** Given data **
##############################

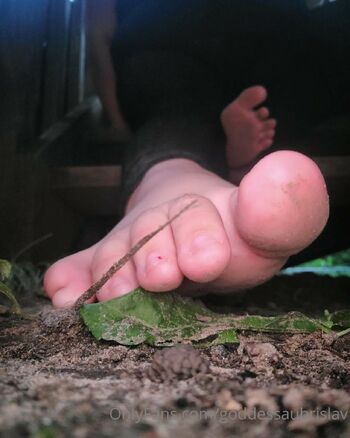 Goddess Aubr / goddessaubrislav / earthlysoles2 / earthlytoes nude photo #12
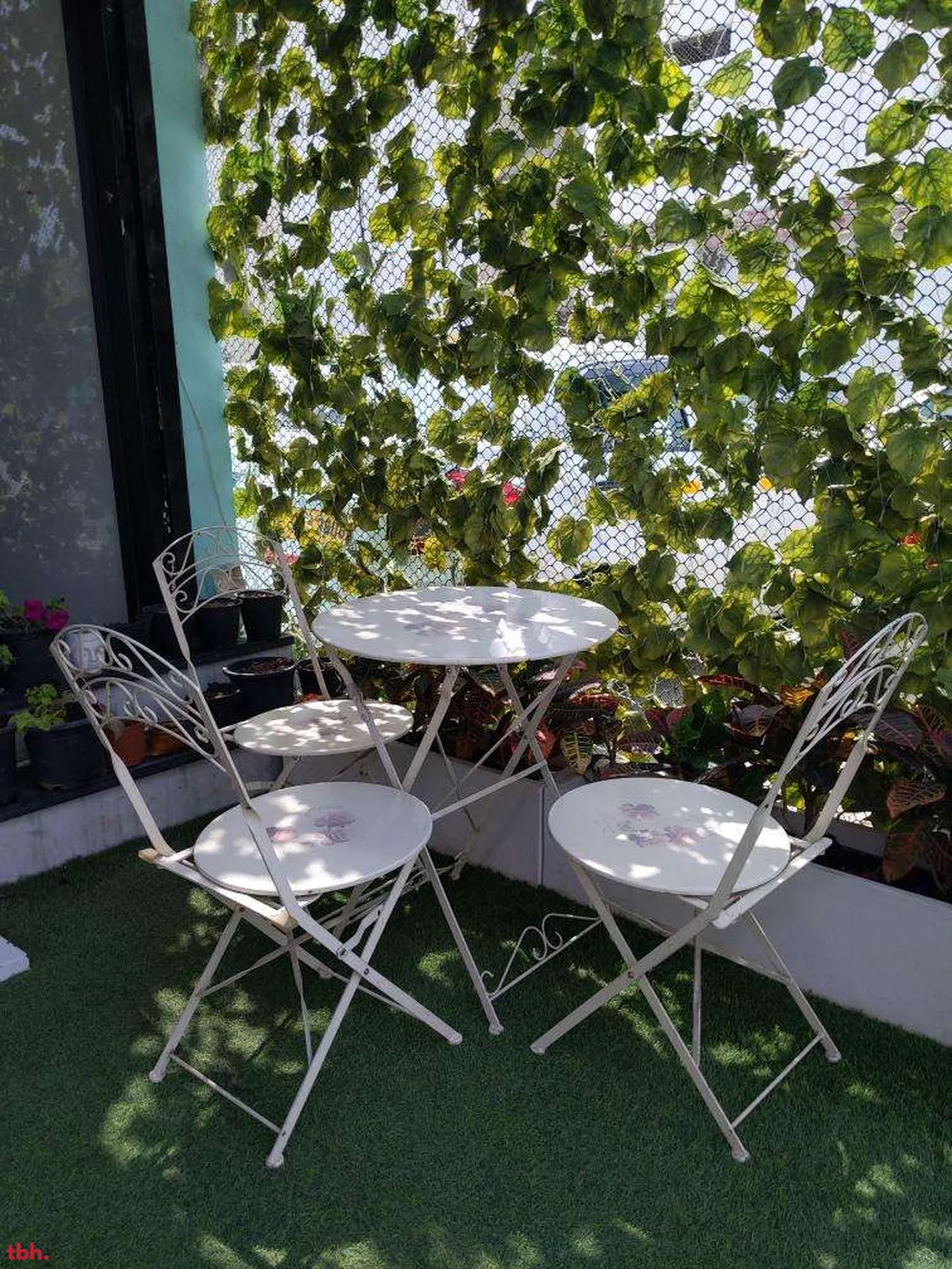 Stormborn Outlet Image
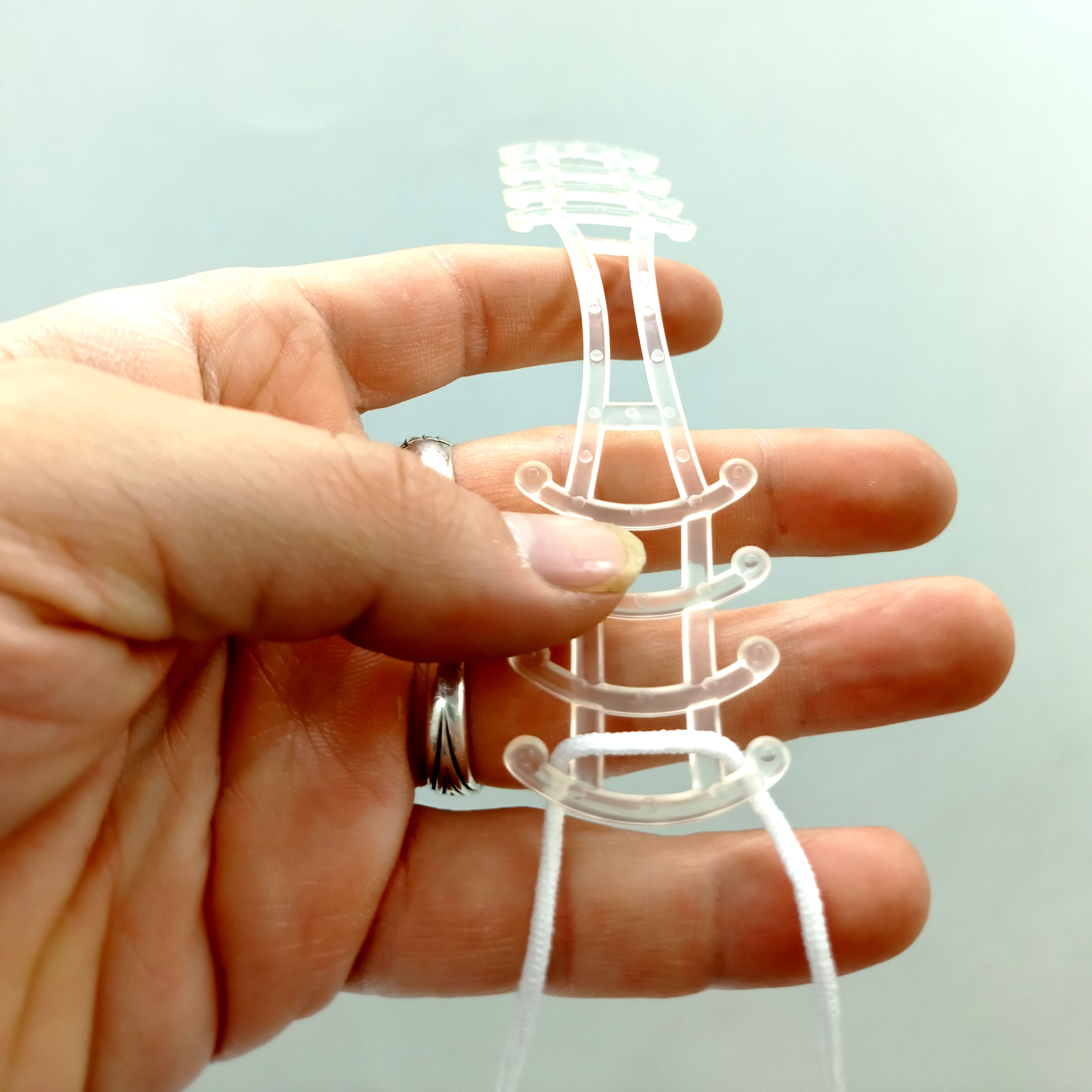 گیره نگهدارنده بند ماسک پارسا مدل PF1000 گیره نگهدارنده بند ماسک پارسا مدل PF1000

##############################

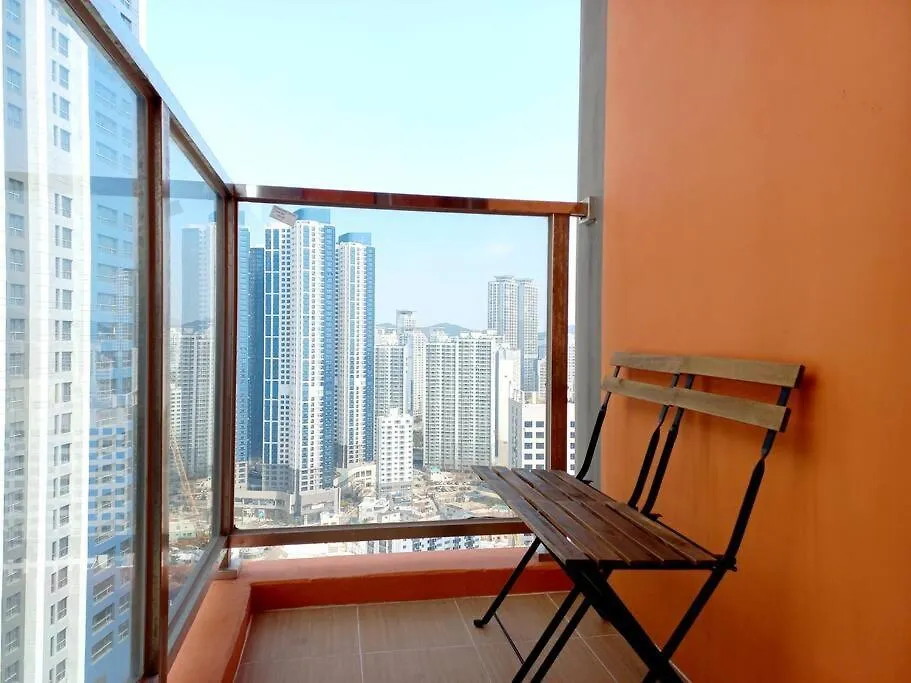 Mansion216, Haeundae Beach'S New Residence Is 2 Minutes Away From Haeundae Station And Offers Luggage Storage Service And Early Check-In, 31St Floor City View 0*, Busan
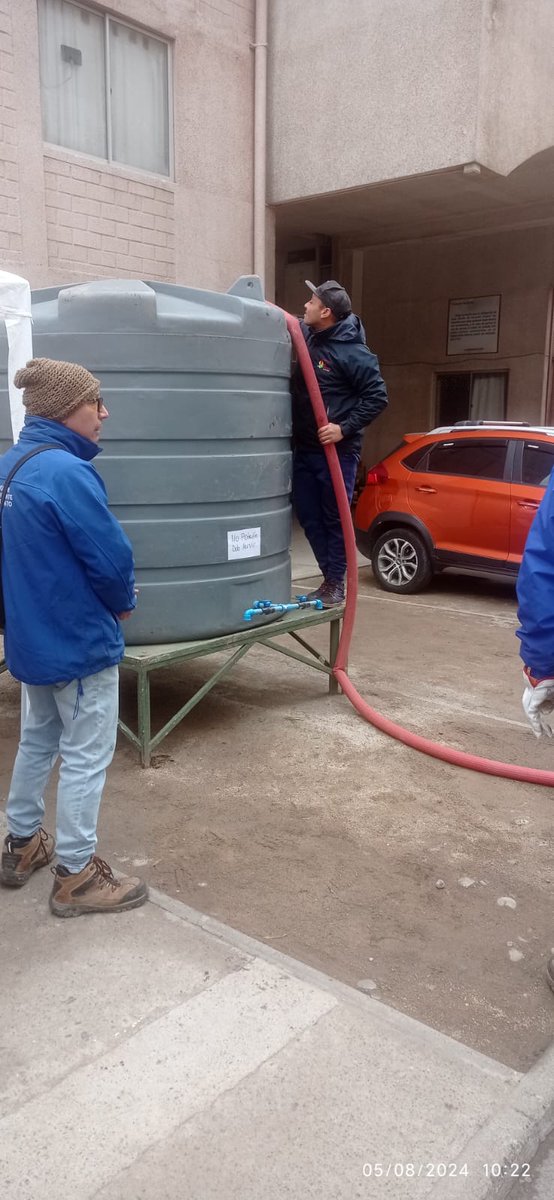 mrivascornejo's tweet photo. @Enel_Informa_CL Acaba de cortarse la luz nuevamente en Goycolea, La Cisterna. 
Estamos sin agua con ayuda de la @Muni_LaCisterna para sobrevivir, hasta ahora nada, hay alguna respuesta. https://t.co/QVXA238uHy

##############################

With the pictures omitted, print the lines above exactly, beginning at the line with "Goddess Aubr /" and going on through the line with "گیره نگهدارنده بند ماسک پارسا مدل PF1000 گیره".

 Goddess Aubr / goddessaubrislav / earthlysoles2 / earthlytoes nude photo #12
 Stormborn Outlet Image
 گیره نگهدارنده بند ماسک پارسا مدل PF1000 گیره نگهدارنده بند ماسک پارسا مدل PF1000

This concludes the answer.